Other than the mine shaft, there is some gold mining equipment to have a look at and a souvenir shop specialising in soap stone carvings.
The mine is actually on the road back to Ouro Preto from Mariana, so you may like to catch a bus or taxi from here rather than getting the train. Otherwise, remember to sit on the left hand side of the carriage on the way back for the best views. Make sure to check the timetable carefully, as trains only run a few times a day.
Reaching Ouro Preto means taking a two hour bus from Belo Horizonte, which is a seven hour bus or short flight from Rio de Janeiro. The town itself is small enough to explore on foot, though a car to take you from the bus station to your hotel is a good idea to avoid carrying your suitcase over the cobbles.
Pousada Minas Gerais
This charming inn of colonial style is conveniently located in the historic centre of Ouro Preto. The pousada has 18 spacious and simply decorated rooms all with comfortable beds, heating and air-conditioning, safe and TV. The buffet breakfast is tasty and varied in its offerings.
Solar Do Rosario
This colonial style ex-mansion has been renovated to form today's 41 room boutique hotel, Solar do Rosario.
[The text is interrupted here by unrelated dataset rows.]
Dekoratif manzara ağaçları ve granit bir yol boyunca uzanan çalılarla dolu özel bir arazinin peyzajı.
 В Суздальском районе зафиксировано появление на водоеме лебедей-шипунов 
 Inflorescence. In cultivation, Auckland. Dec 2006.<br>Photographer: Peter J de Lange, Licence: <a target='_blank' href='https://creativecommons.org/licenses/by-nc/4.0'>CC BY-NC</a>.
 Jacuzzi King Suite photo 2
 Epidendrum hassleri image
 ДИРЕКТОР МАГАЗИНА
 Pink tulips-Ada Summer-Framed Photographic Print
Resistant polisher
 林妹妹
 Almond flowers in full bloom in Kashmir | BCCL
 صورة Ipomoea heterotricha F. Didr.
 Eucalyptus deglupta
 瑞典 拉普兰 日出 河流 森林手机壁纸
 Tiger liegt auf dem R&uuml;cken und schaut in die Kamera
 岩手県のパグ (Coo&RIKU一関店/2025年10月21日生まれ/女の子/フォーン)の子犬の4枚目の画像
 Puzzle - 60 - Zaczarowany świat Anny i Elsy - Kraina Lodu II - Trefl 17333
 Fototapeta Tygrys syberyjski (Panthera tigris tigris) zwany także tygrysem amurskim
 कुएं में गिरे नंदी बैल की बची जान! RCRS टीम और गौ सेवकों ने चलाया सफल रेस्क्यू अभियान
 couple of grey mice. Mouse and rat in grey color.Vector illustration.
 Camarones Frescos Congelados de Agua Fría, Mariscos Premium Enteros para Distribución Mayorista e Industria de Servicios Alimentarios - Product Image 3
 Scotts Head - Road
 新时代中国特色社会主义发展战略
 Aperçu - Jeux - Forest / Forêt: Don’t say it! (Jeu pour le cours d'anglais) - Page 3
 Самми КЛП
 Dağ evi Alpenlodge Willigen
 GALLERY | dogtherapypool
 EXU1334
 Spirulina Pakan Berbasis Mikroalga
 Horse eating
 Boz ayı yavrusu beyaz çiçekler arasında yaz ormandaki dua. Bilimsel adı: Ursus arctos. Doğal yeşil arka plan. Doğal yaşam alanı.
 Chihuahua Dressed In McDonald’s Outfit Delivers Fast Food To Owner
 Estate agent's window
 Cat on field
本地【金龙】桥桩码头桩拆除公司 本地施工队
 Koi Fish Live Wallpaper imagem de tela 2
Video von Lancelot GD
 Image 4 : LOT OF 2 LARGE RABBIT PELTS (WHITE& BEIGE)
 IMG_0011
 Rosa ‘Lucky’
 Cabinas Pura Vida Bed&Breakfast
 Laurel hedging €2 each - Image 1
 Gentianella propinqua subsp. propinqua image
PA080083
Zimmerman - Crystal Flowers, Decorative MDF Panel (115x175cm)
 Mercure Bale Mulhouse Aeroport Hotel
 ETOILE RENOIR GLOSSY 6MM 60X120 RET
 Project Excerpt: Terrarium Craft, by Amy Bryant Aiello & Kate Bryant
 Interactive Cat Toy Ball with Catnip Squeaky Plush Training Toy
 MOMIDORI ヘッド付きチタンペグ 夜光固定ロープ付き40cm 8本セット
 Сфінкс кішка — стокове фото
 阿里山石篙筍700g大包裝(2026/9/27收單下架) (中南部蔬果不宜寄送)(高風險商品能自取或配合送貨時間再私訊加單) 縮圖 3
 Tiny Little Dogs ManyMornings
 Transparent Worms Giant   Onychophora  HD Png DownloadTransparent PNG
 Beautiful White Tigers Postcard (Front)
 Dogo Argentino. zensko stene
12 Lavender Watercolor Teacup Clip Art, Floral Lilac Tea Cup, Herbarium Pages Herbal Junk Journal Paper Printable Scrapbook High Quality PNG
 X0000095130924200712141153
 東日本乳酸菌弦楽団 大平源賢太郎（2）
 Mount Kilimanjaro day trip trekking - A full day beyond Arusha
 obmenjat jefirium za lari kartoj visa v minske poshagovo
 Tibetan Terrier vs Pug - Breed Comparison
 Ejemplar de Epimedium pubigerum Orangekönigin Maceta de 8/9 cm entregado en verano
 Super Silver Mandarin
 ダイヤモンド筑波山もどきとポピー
The decor throughout is of a modern rustic style, with elegant french doors opening on to small balconies from many of the guest rooms. There are also gorgeous gardens, heated indoor pool, an outdoor pool with wonderful views and a popular restaurant open to the public. Solar do Rosario enjoys privileged views of churches St. Francis de Paul, Our Lady of the Rosary, St. Joseph and Pico Itacolomi.